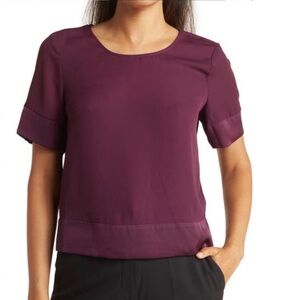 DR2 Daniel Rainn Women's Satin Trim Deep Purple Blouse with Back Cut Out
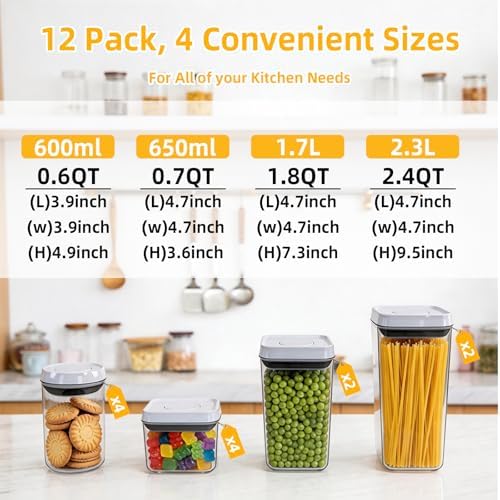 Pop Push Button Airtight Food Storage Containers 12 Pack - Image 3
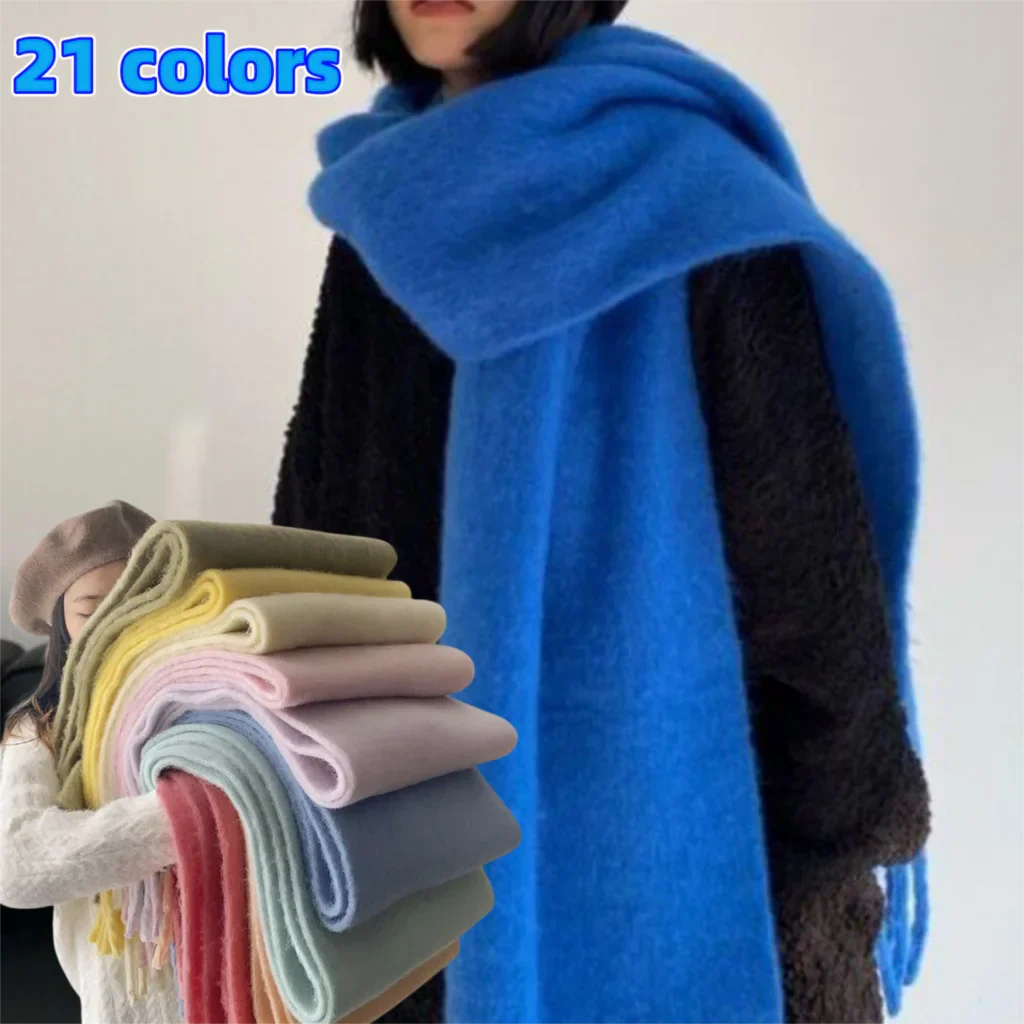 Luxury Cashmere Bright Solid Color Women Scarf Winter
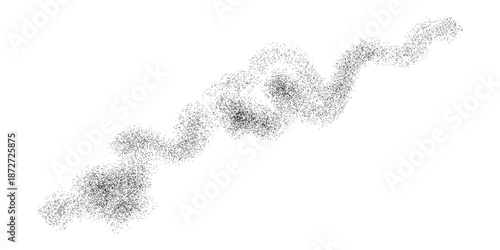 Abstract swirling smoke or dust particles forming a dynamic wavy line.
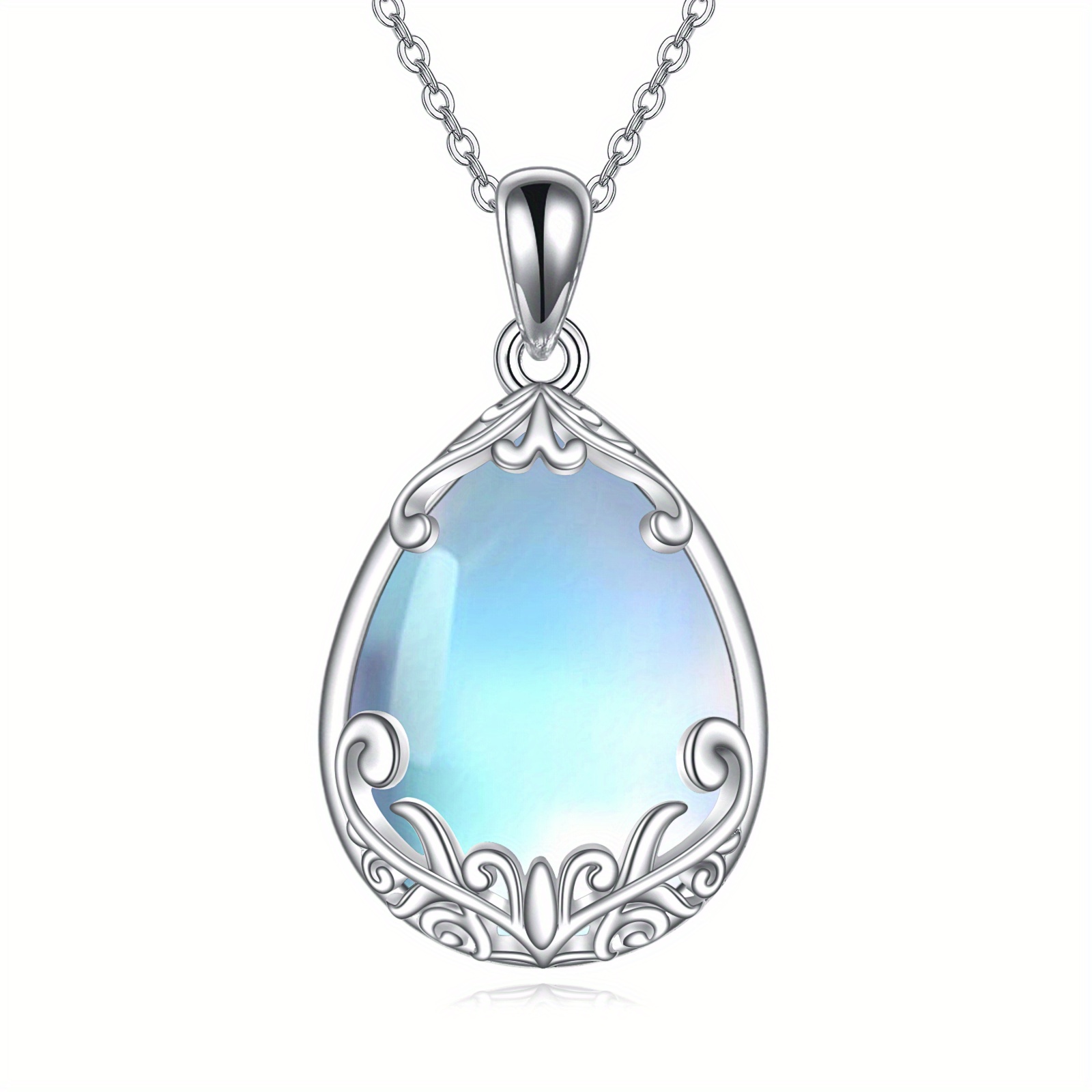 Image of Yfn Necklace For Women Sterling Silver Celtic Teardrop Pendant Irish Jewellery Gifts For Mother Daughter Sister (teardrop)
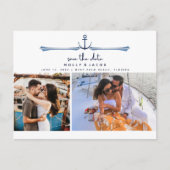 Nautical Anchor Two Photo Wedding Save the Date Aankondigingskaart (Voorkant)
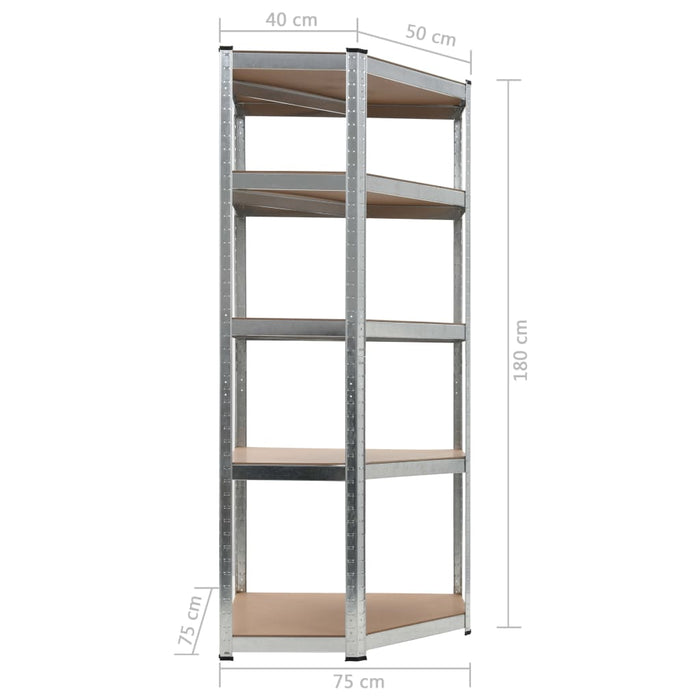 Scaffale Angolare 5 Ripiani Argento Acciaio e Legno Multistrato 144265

━━━━━━━━━━━━━━━━

• [To do]: Leave the pictures out and please restate exactly the lines running from the start of the material through the one with "Abstract swirling smoke".

• [Solution below]:
 DR2 Daniel Rainn Women's Satin Trim Deep Purple Blouse with Back Cut Out
 Pop Push Button Airtight Food Storage Containers 12 Pack - Image 3
 Luxury Cashmere Bright Solid Color Women Scarf Winter
 Abstract swirling smoke or dust particles forming a dynamic wavy line.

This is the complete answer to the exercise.